Moshe Orenbuch – Credit Suisse: I think the revenue performance, obviously very strong. Just wondering if you could talk about how you see that progressing, obviously, it sounded the incentives that you were talking about was lower incentives in the current period. So, can we take away from that that you’re actually seeing a better combination if you will of volume coming out of debit, and some of the pricing actions that you’ve taken?
Byron H. Pollitt – CFO: So let me respond to that. First, just to be clear on the incentive piece. A large contributor to the reduction in the incentive guidance going forward and to a certain extent this quarter – when we signed the Chase agreement it restructured how we price, so that as I said in my opening remarks gross fees are coming down along with incentives and it’s largely an offset. So while incentives for the balance of the year are expected to come in in that 16% to 17% range that in on of itself is not a significant contributor to the revenue performance for the balance of the year because we haven’t changed our overall revenue guidance. So, we are well positioned within the low double-digit range. And what we’re seeing underlying that is strong, sustained performance globally. And with two quarters now under our belt and because of our quarter lag, remember that we actually have visibility to three quarters of service revenue. We have a much higher degree of certainty of how the year will flow out. Given the strength we are seeing outside the U.S. good sustained recovery in our U.S. debit business as you pointed out, and particularly as we enter into the April-May-June quarter this will anniversary the Dodd-Frank routing rules, notice I said Dodd-Frank, not Durbin. While debit business in the U.S. has sustained a meaningful loss, particularly in the Interlink, we are pleased with the way that the business – our mitigating strategies have unfolded and the way the business has been recovering over the past several quarters.
Craig Maurer – CLSA: I was wondering if you could address any material pricing differences between Visa, Inc. and Visa Europe that would have to be overcome should the put be exercised. Although I know it doesn’t materially impact your top-line, I was wondering if you could just clarify what’s going on with the cash volumes in Latin America that seem to be off-dramatically?
Byron H. Pollitt – CFO: The pricing approach that Visa Europe pursues is one that still very much based on a bank-owned membership arrangement and so it’s different than what we have here in the United States or for Visa, Inc. globally outside of Europe.

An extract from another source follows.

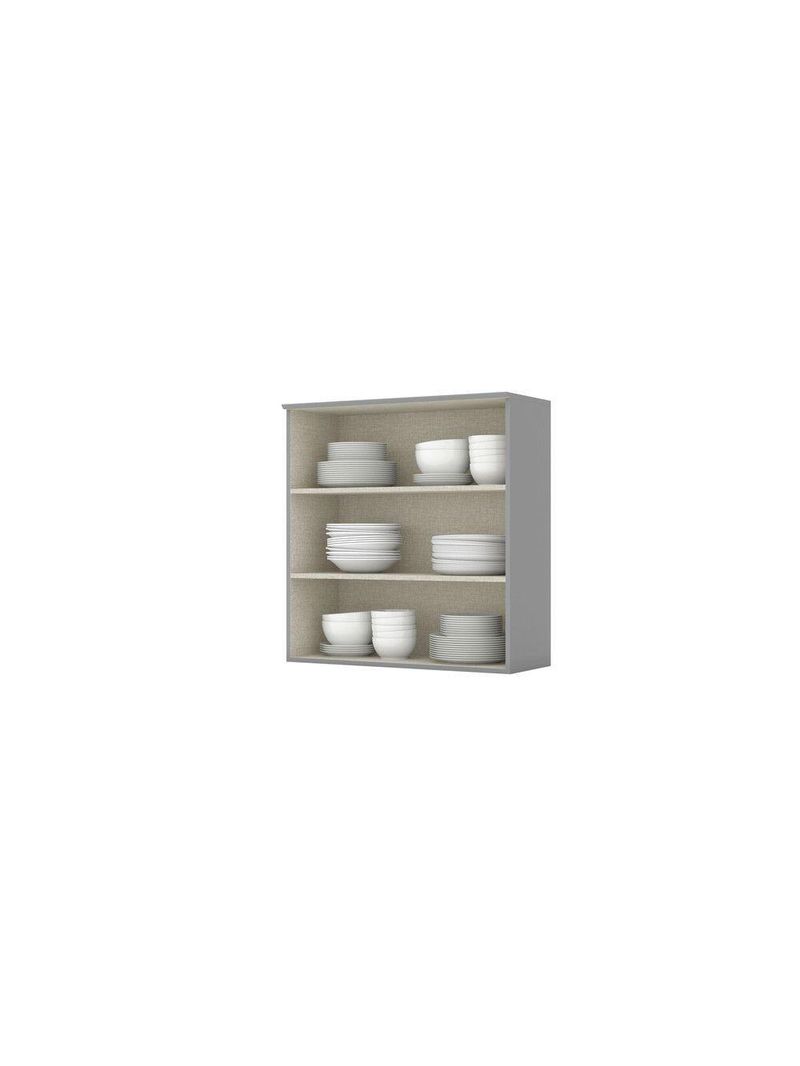 Armário Aéreo 2 Portas 80 Cm Amy Casa 812 Cinza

Having said that, Visa Europe still must price to be competitive with other competitors like MasterCard in that arena, and so we’ve not done a detailed analysis of what the comparisons are, but there is a presumption that to be competitive you have to price competitively. We consider Visa Europe very competitive in that part of the world. So, don’t really have a comment on that. With regards to the cash volumes in Latin America, don’t have a comment on that either, and so we’ll – that’s one – we’ll have to take a look into and we’d be happy to get back to you through IR.

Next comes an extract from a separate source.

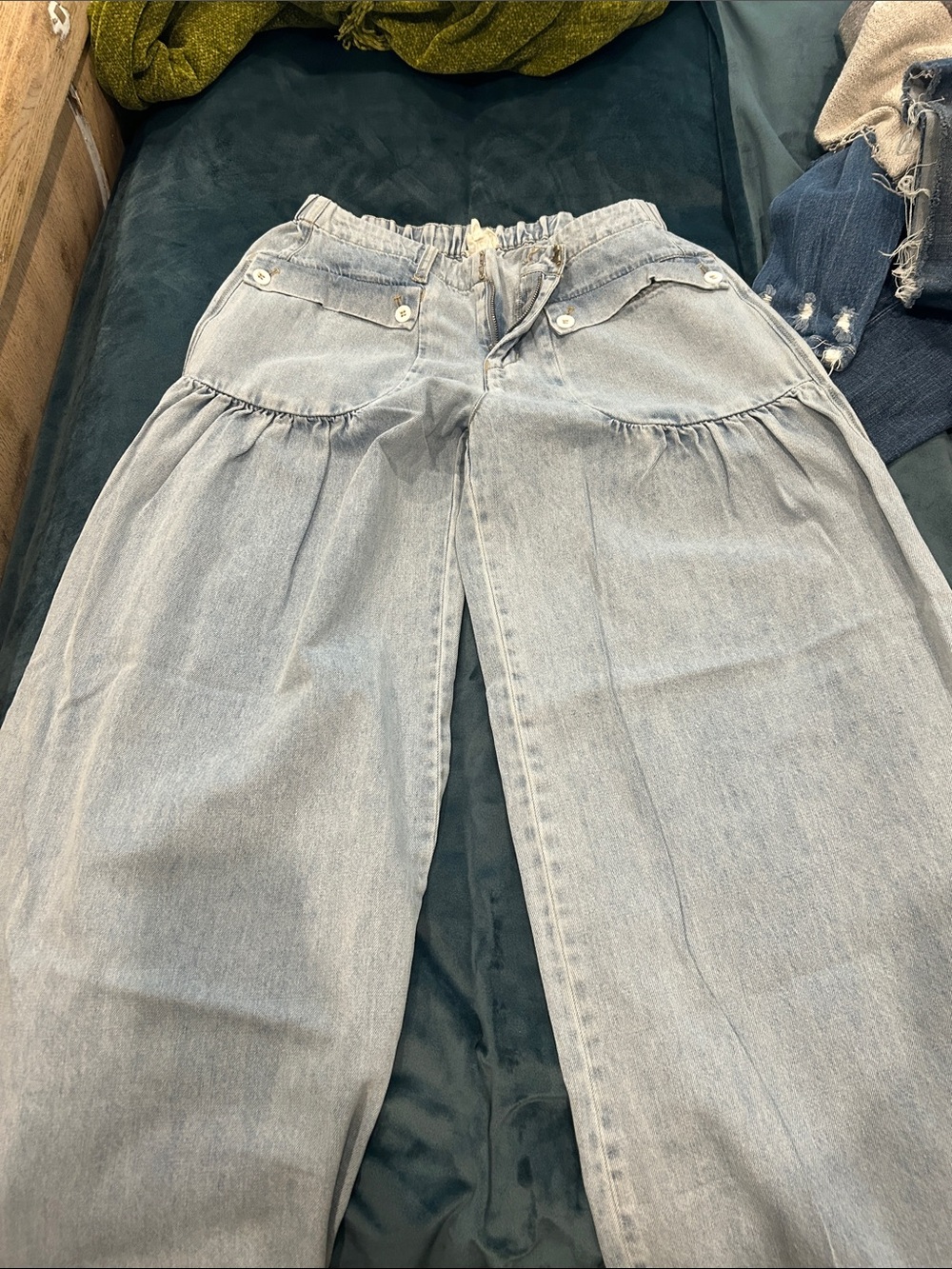 Three Bird Nest Light Wash Wide Leg Denim Pants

Charles W. Scharf – CEO: Let me just add to Byron’s response on Visa Europe. As I said in the remarks, there is a very defined process that we would go through with Visa Europe where we look at the sustainable earnings power of the company, and I would presume a big part of that discussion would be what the sustainable revenue contribution would be as the model evolves, and there is plenty of time through that process to have that discussion with them, if we get to the point.